== Entries provided
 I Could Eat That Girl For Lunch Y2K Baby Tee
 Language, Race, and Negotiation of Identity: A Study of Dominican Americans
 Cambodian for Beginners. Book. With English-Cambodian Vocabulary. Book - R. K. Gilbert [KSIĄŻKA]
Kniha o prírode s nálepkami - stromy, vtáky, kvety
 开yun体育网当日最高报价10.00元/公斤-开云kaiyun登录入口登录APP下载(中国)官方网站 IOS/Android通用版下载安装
====
== Entries provided
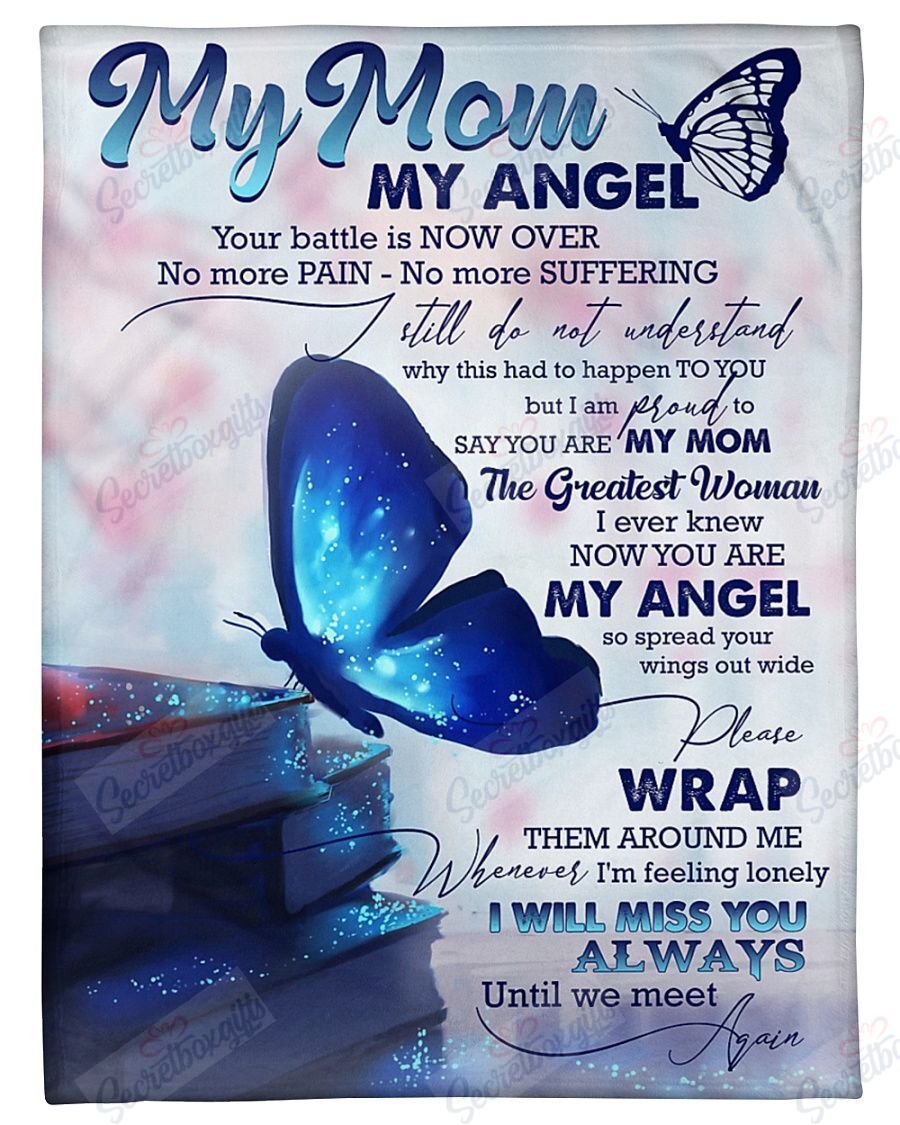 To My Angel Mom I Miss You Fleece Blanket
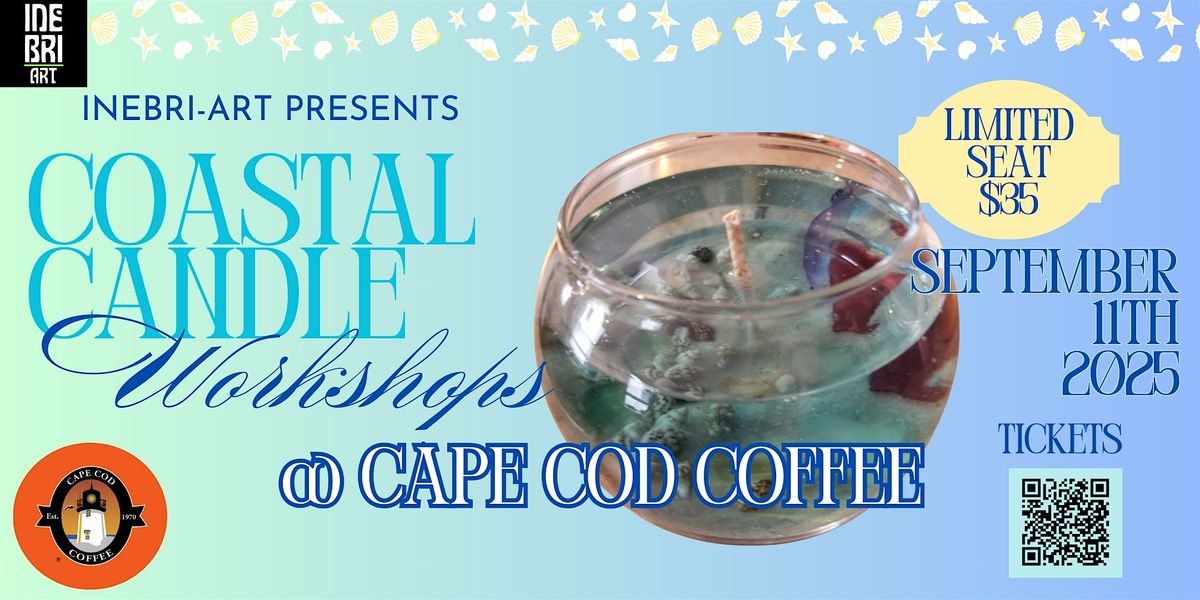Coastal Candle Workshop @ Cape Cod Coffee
====
== Entries provided
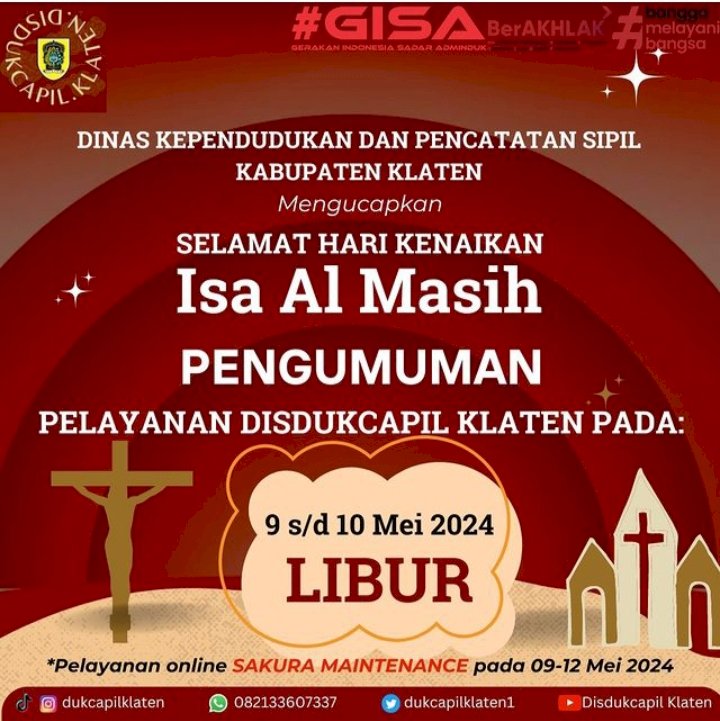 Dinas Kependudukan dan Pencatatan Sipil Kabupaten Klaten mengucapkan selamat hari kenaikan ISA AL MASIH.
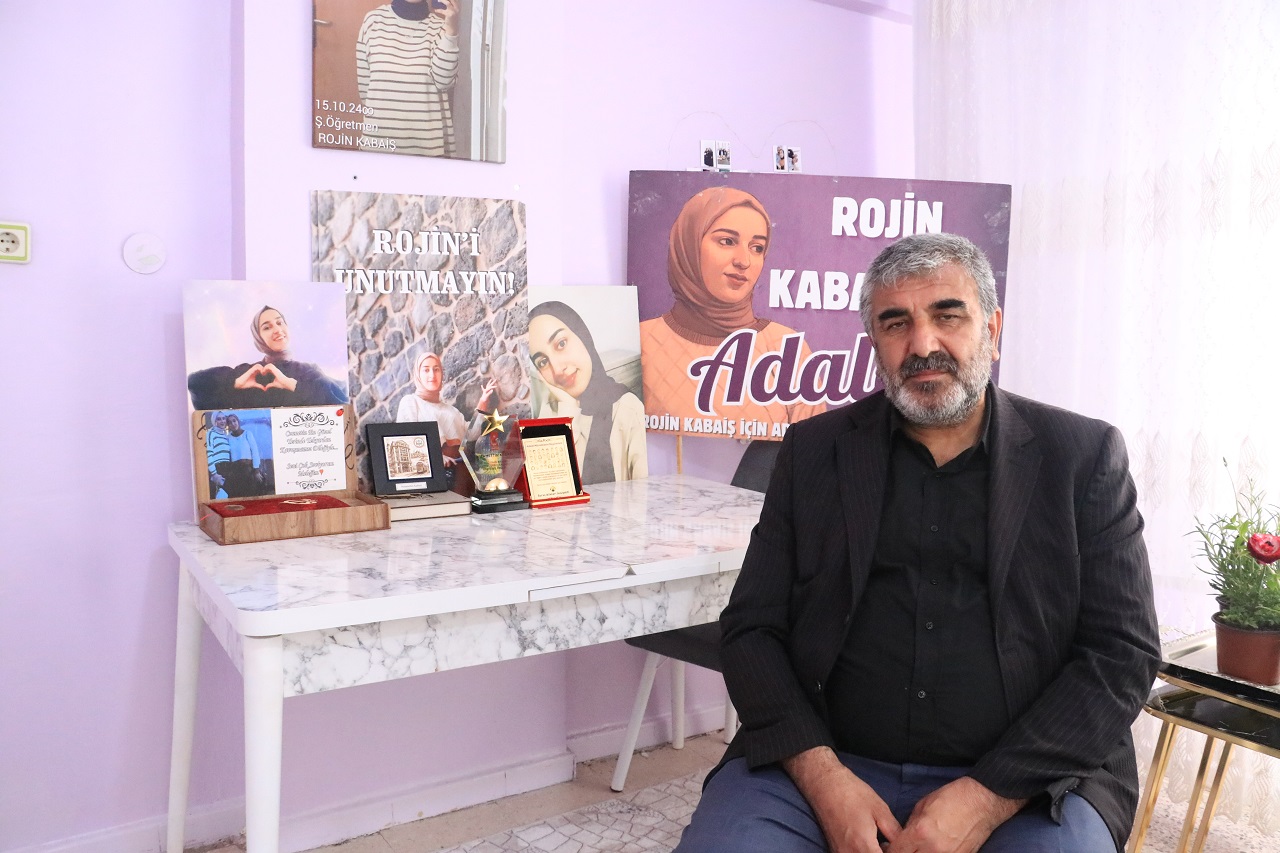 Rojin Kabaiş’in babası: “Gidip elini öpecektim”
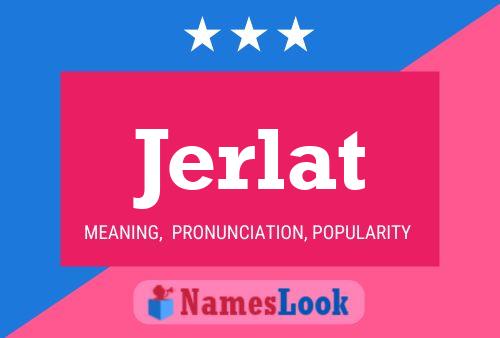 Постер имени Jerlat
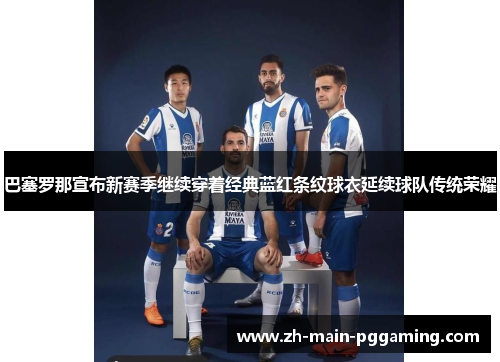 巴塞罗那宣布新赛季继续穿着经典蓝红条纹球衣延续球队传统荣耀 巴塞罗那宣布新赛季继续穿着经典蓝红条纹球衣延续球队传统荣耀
====
### Problem requirements
Write out word for word the lines of the listing above from the line with "Постер имени Jerlat" to the line with "巴塞罗那宣布新赛季继续穿着经典蓝红条纹球衣延续球队传统荣耀 巴塞罗那宣布新赛季继续穿着经典蓝红条纹球衣延续球队传统荣耀", taking in both of those lines but no pictures.

### Answer section
 Постер имени Jerlat
 巴塞罗那宣布新赛季继续穿着经典蓝红条纹球衣延续球队传统荣耀 巴塞罗那宣布新赛季继续穿着经典蓝红条纹球衣延续球队传统荣耀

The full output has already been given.